(Data records)

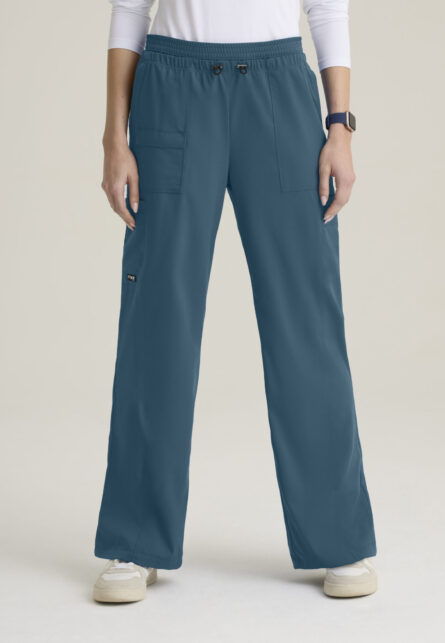 Grey's Anatomy Spandex Stretch Women's 7-Pocket Layered Waistband Wide Leg Pant - Image 1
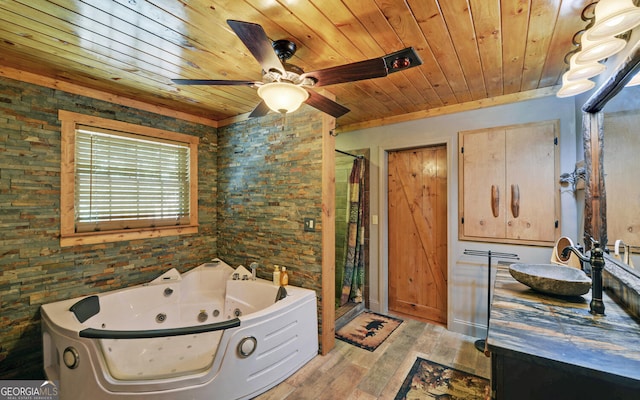 bathroom with wood ceiling, a ceiling fan, wood finished floors, and a stall shower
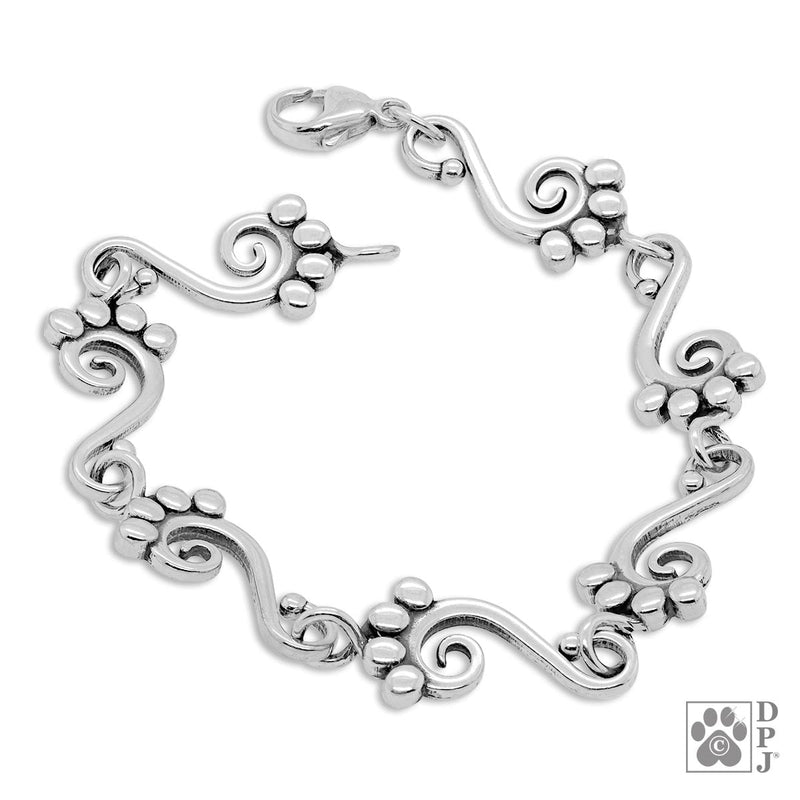 Sterling Silver Pawtner For Life Paw Print Bracelet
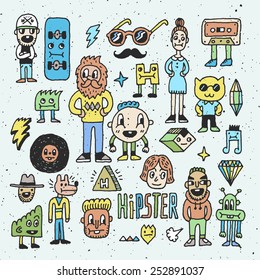 Wacky hipsters doodle set 1. Colorful vector hand drawn illustrations.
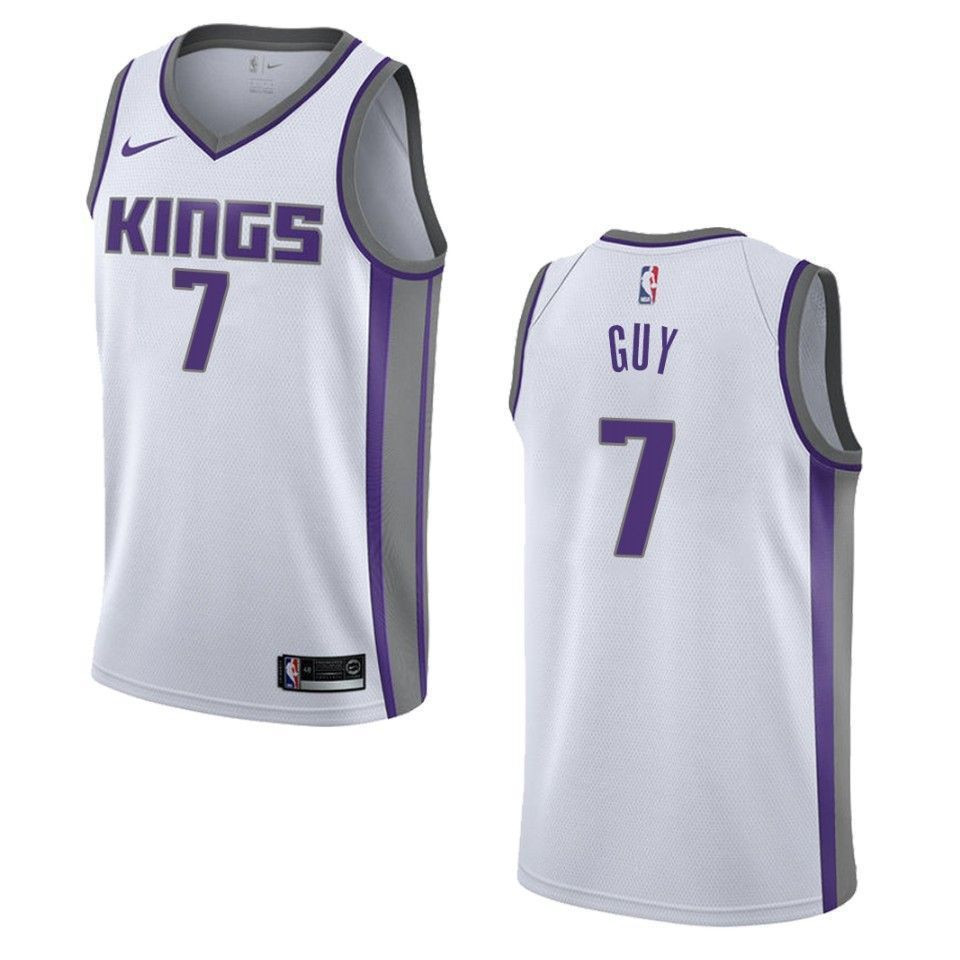 Men's Sacramento Kings 7 Kyle Guy Association Swingman Basketball Jersey - White - JS608 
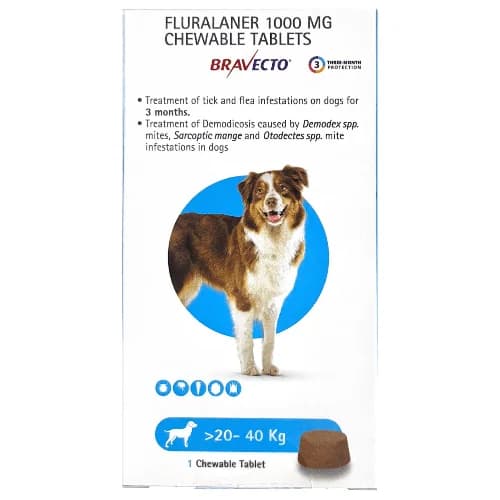 MSD Animal Health Bravecto 1000mg (Fluralaner) 12-Week Long-Acting Chewable Tick & Flea Control Tablet for Large Dogs (20 to 40 kg, 1 Chewable Tablet)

(End Data records)

*What this task involves:* What is needed is a word-for-word restatement of the lines from the one holding "Wacky hipsters doodle" to the final line of the data above, inclusive, without any pictures.

*Exercise result:*
 Wacky hipsters doodle set 1. Colorful vector hand drawn illustrations.
 Men's Sacramento Kings 7 Kyle Guy Association Swingman Basketball Jersey - White - JS608 
 MSD Animal Health Bravecto 1000mg (Fluralaner) 12-Week Long-Acting Chewable Tick & Flea Control Tablet for Large Dogs (20 to 40 kg, 1 Chewable Tablet)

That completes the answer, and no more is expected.